Exercise goal: The answer must consist of every line from the data that holds "window".

□ □ □

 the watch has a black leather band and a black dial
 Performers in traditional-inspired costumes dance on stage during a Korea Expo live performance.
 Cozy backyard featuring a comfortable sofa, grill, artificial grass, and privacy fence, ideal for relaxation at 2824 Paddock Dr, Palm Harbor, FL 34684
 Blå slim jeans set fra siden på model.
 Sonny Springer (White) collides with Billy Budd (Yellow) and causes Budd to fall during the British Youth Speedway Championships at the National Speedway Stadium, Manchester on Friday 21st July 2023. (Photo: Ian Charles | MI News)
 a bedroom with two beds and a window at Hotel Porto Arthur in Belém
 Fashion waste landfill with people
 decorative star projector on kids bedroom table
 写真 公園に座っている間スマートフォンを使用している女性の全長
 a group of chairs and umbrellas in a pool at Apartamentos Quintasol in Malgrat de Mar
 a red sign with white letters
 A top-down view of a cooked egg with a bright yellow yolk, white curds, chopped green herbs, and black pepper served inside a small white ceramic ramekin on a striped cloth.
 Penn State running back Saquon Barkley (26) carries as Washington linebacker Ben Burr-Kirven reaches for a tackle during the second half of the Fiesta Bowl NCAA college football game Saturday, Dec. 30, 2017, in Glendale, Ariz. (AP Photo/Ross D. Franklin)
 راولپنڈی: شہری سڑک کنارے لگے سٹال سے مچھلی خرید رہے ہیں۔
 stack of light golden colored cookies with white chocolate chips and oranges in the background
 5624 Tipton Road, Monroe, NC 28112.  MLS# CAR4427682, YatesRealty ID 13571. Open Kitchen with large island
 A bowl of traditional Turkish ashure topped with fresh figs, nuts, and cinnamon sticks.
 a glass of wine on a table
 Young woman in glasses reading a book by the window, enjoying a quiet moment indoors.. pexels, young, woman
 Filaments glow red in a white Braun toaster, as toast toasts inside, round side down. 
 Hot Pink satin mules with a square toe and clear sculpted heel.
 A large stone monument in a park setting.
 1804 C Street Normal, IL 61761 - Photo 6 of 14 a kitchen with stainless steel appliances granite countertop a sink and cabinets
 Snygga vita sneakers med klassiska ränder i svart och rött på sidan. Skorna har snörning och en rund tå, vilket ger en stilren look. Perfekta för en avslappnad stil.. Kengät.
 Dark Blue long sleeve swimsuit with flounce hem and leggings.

□ □ □

Result for this exercise:
 a bedroom with two beds and a window at Hotel Porto Arthur in Belém
 Young woman in glasses reading a book by the window, enjoying a quiet moment indoors.. pexels, young, woman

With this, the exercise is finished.